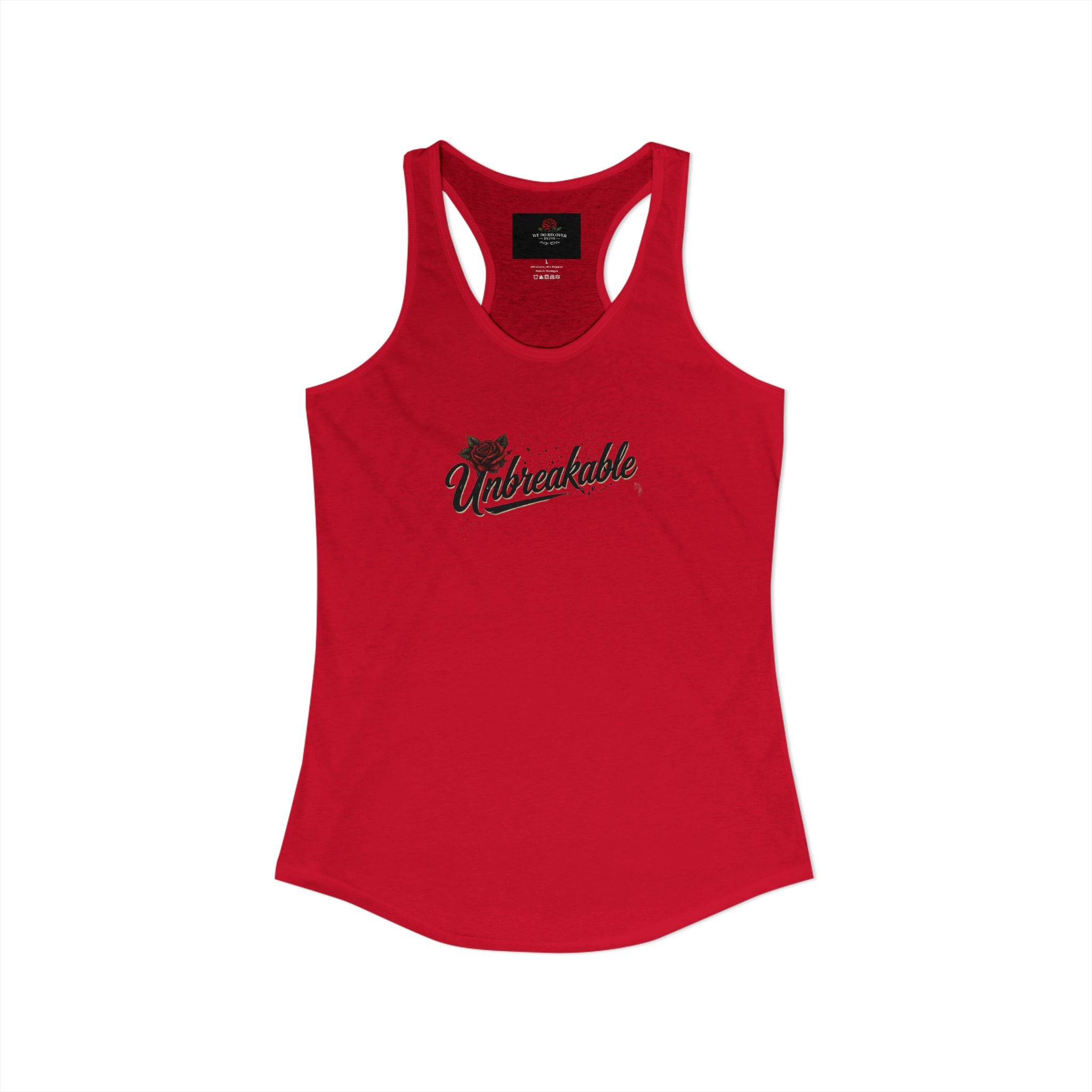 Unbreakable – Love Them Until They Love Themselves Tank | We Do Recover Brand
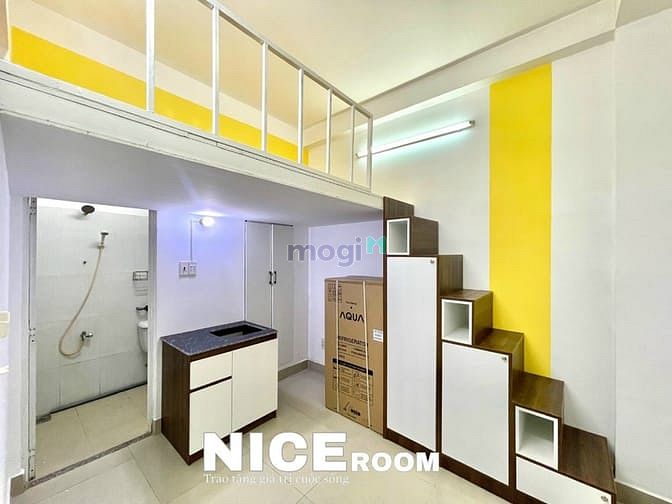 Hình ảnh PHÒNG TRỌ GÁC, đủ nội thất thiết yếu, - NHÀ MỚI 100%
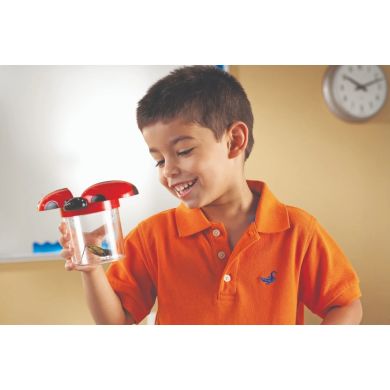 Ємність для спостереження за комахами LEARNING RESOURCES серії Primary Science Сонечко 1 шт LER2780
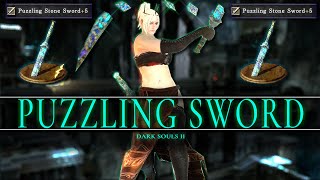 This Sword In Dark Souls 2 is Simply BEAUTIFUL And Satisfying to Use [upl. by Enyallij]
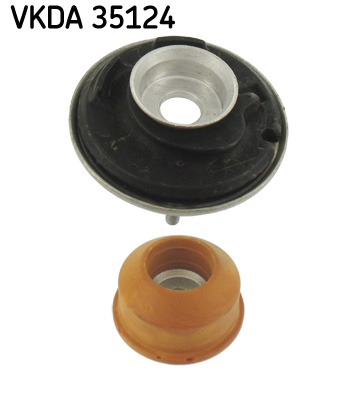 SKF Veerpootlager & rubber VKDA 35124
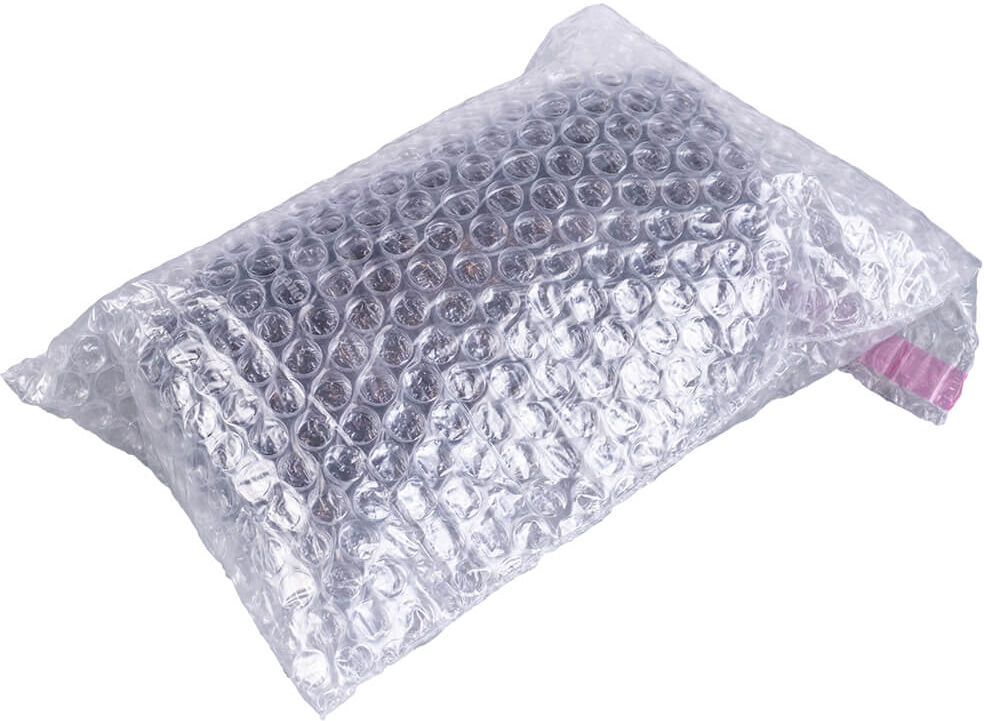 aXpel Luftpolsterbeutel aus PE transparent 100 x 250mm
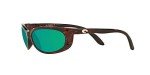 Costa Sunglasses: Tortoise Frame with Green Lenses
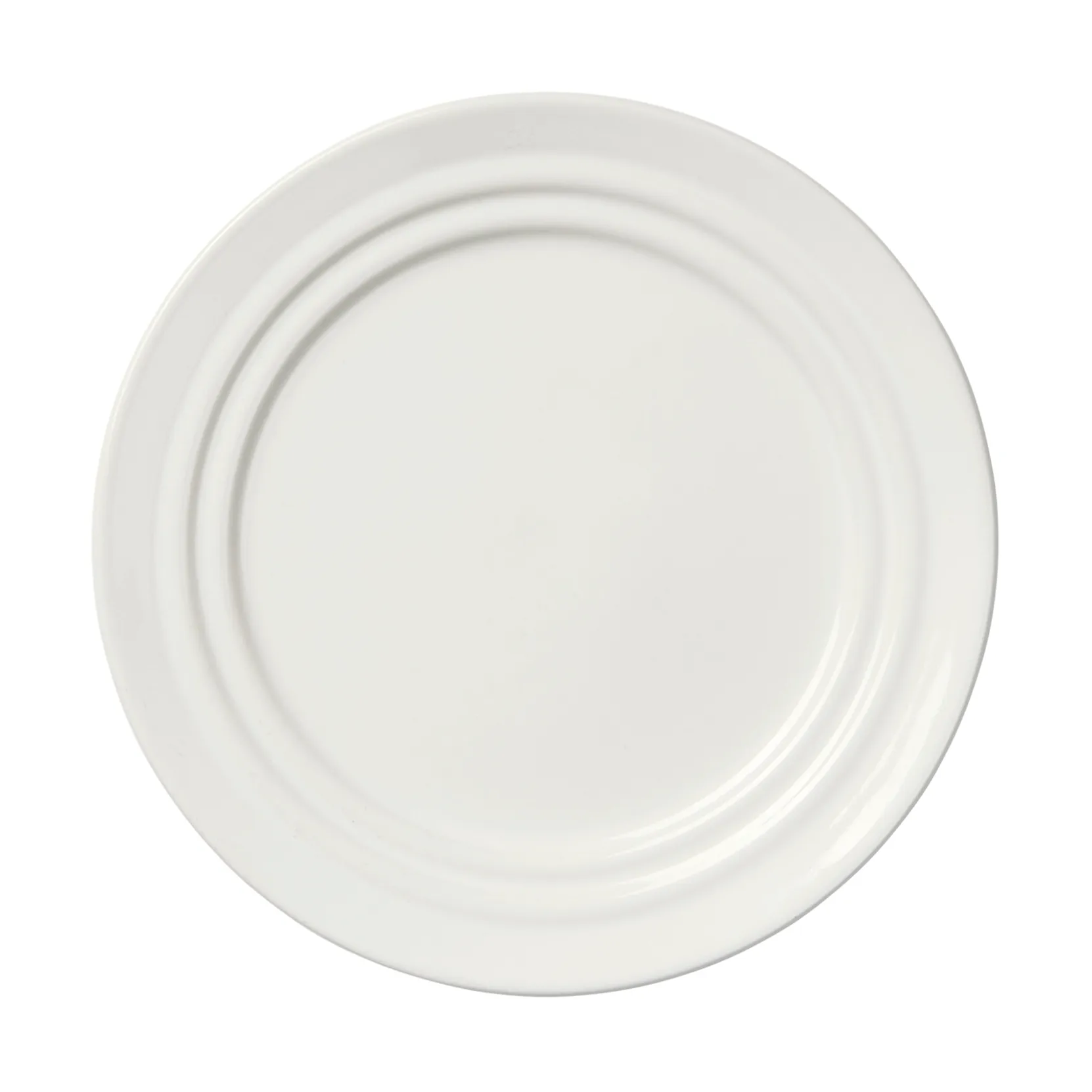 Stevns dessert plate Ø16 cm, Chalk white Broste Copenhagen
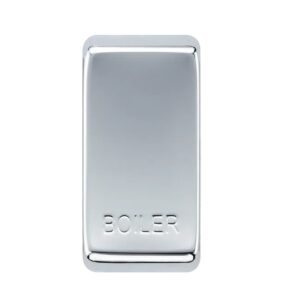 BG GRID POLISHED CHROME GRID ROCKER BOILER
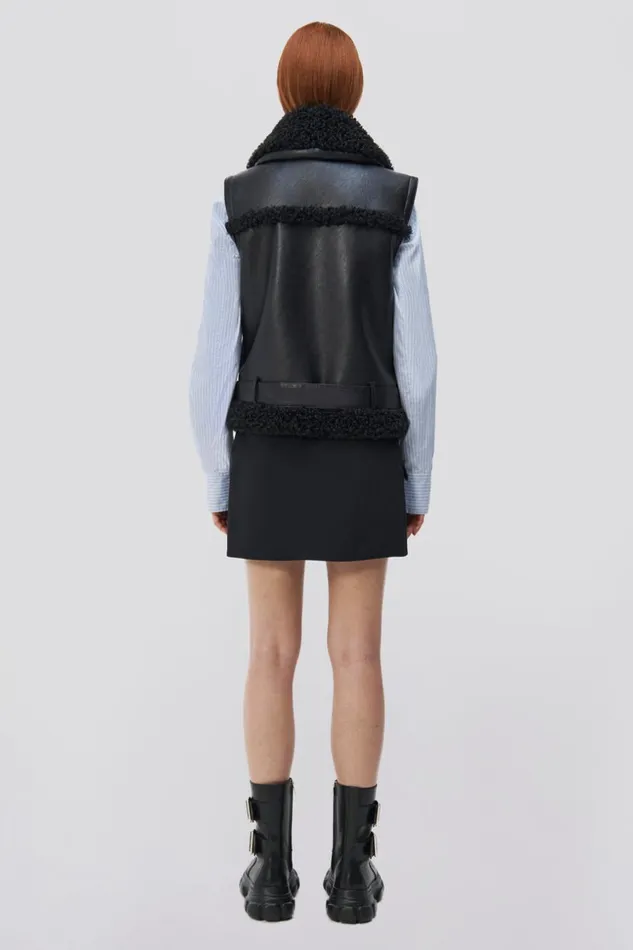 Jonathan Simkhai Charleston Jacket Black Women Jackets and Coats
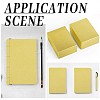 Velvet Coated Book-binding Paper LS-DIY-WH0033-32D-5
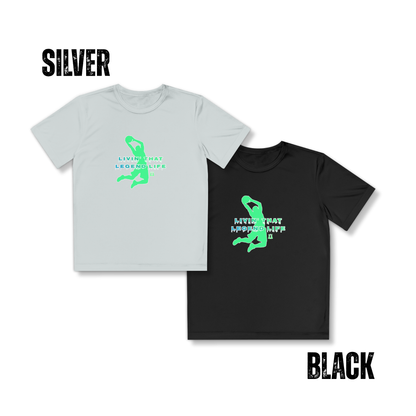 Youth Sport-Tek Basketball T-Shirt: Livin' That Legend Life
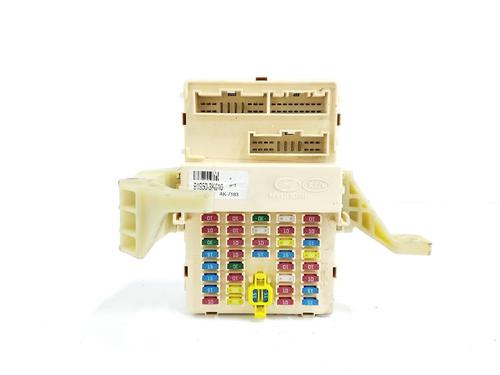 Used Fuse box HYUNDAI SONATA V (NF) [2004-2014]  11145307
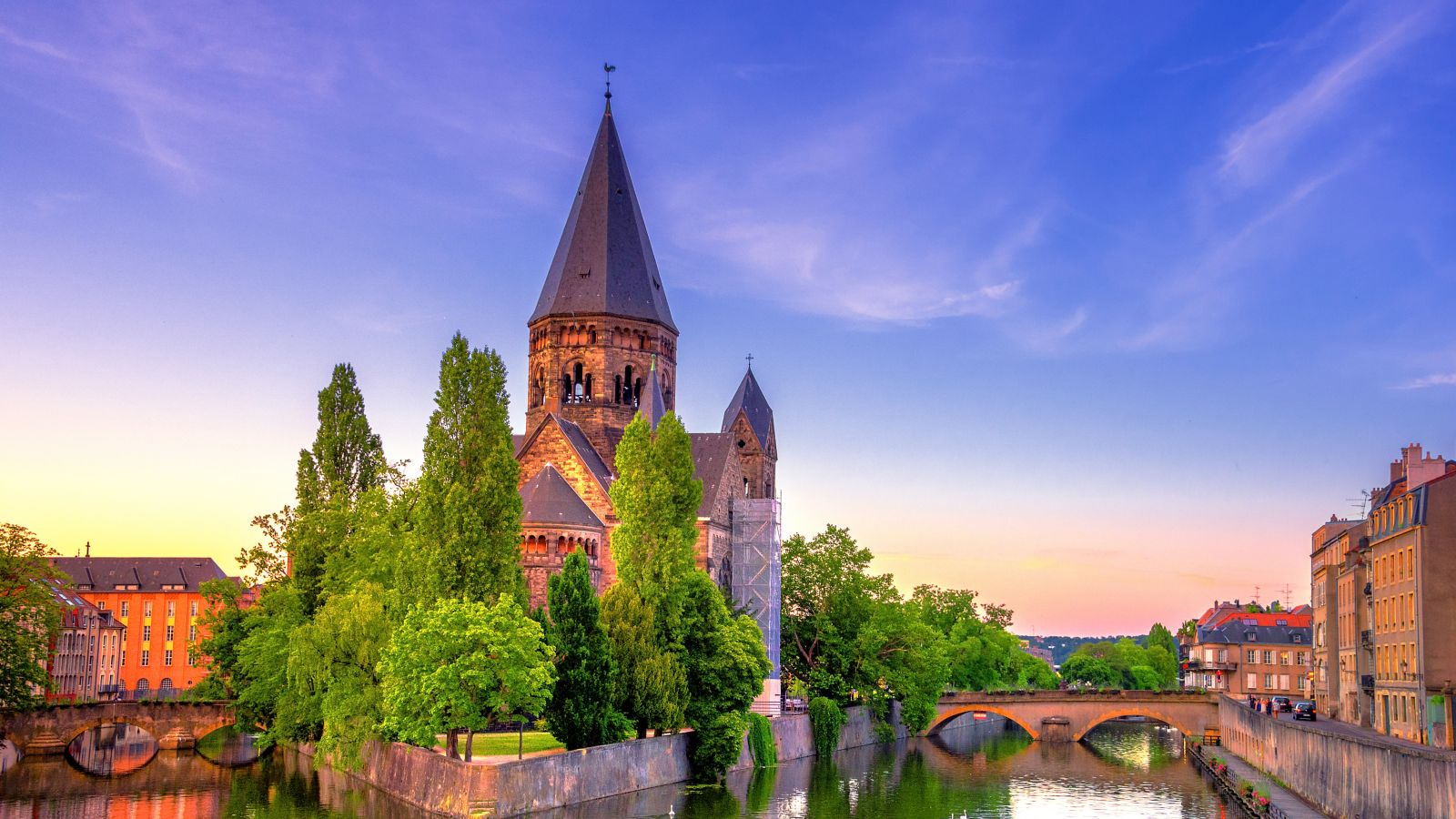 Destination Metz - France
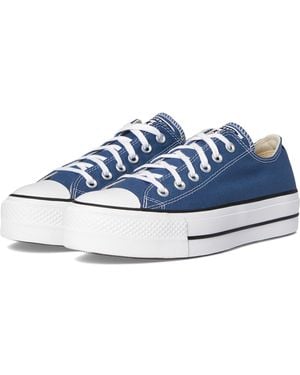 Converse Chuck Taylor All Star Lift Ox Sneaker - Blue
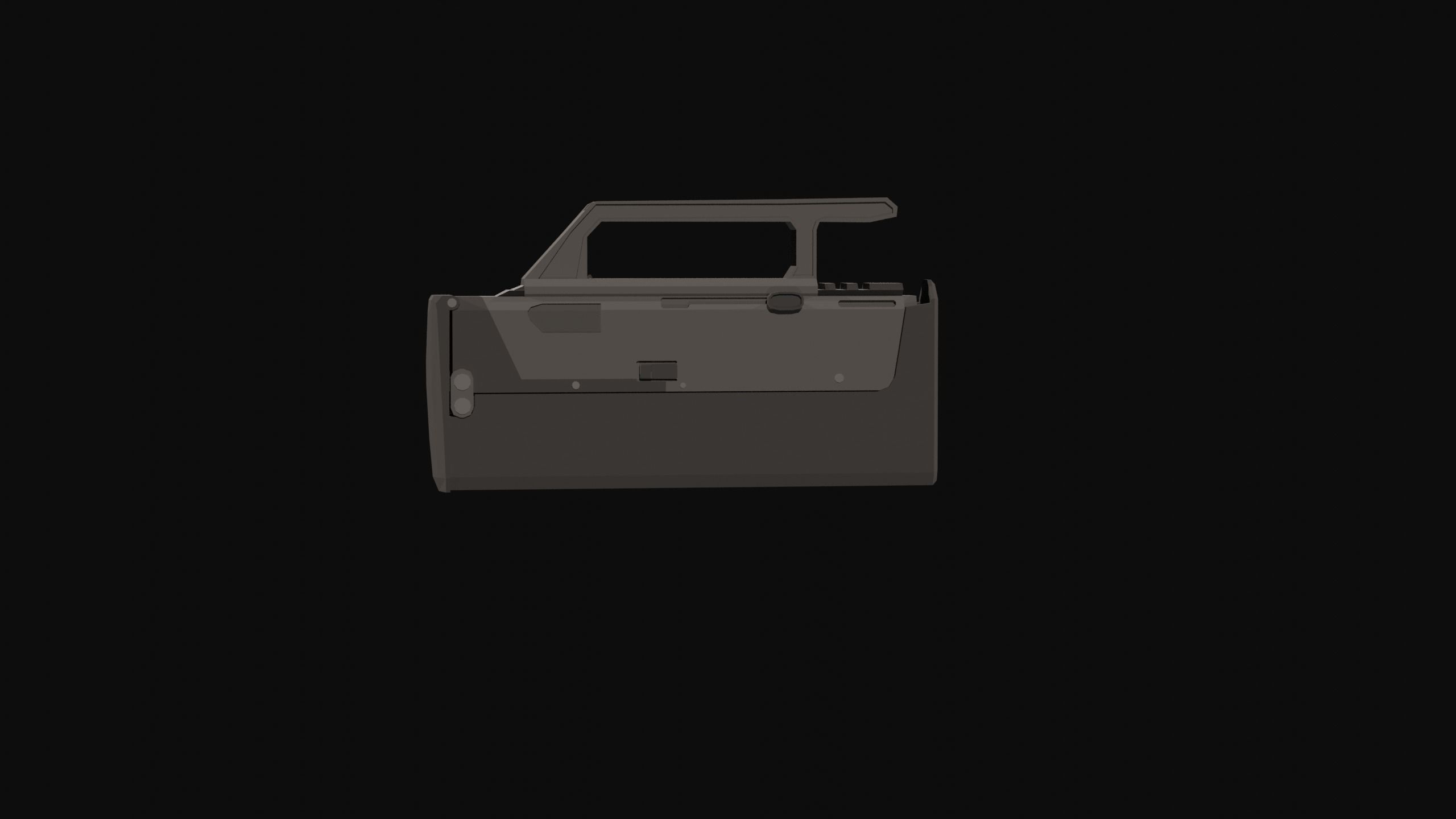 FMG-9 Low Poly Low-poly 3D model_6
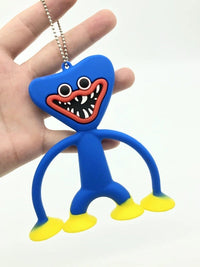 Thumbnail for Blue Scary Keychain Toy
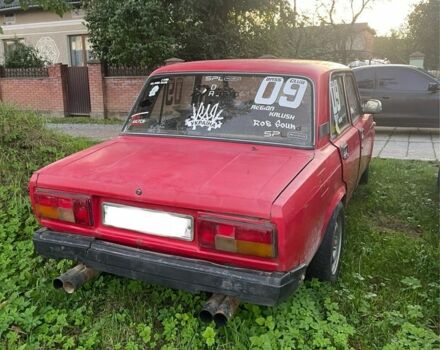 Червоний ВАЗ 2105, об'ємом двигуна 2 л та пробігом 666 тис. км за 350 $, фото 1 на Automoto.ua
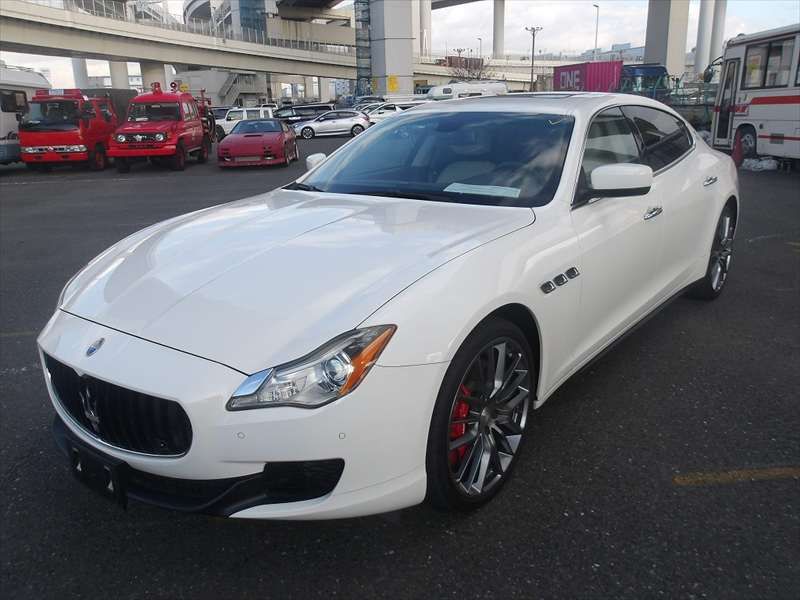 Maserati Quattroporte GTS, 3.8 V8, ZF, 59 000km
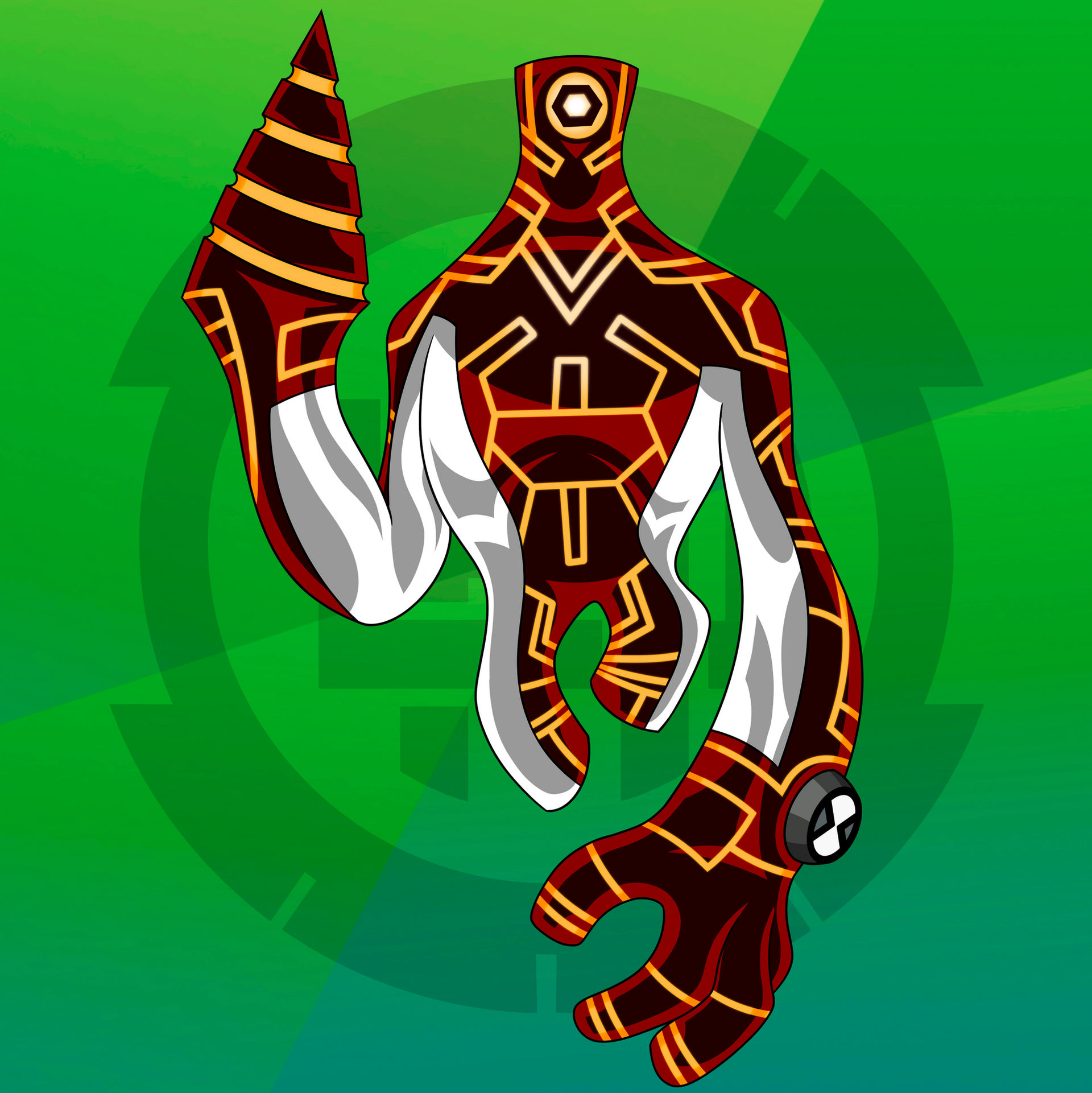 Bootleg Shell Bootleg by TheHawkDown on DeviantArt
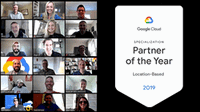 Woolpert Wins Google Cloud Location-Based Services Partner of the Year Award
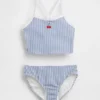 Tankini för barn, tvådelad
※
# WHAT YOU WILL DO:
Only the text of the entries belongs in the answer, copied exactly; the pictures stay out.

# TASK RESPONSE:
 Unbreakable – Love Them Until They Love Themselves Tank | We Do Recover Brand
 Hình ảnh PHÒNG TRỌ GÁC, đủ nội thất thiết yếu, - NHÀ MỚI 100%
 Ємність для спостереження за комахами LEARNING RESOURCES серії Primary Science Сонечко 1 шт LER2780
 This Sword In Dark Souls 2 is Simply BEAUTIFUL And Satisfying to Use [upl. by Enyallij]
 SKF Veerpootlager & rubber VKDA 35124
 aXpel Luftpolsterbeutel aus PE transparent 100 x 250mm
 Costa Sunglasses: Tortoise Frame with Green Lenses
 Stevns dessert plate Ø16 cm, Chalk white Broste Copenhagen
 BG GRID POLISHED CHROME GRID ROCKER BOILER
 Jonathan Simkhai Charleston Jacket Black Women Jackets and Coats
 Velvet Coated Book-binding Paper LS-DIY-WH0033-32D-5
 Youth Sport-Tek Basketball T-Shirt: Livin' That Legend Life
 Used Fuse box HYUNDAI SONATA V (NF) [2004-2014]  11145307
 Destination Metz - France
 Converse Chuck Taylor All Star Lift Ox Sneaker - Blue
 FMG-9 Low Poly Low-poly 3D model_6
 Thumbnail for Blue Scary Keychain Toy
 Червоний ВАЗ 2105, об'ємом двигуна 2 л та пробігом 666 тис. км за 350 $, фото 1 на Automoto.ua
 Maserati Quattroporte GTS, 3.8 V8, ZF, 59 000km
 Bootleg Shell Bootleg by TheHawkDown on DeviantArt
 Woolpert Wins Google Cloud Location-Based Services Partner of the Year Award
 Tankini för barn, tvådelad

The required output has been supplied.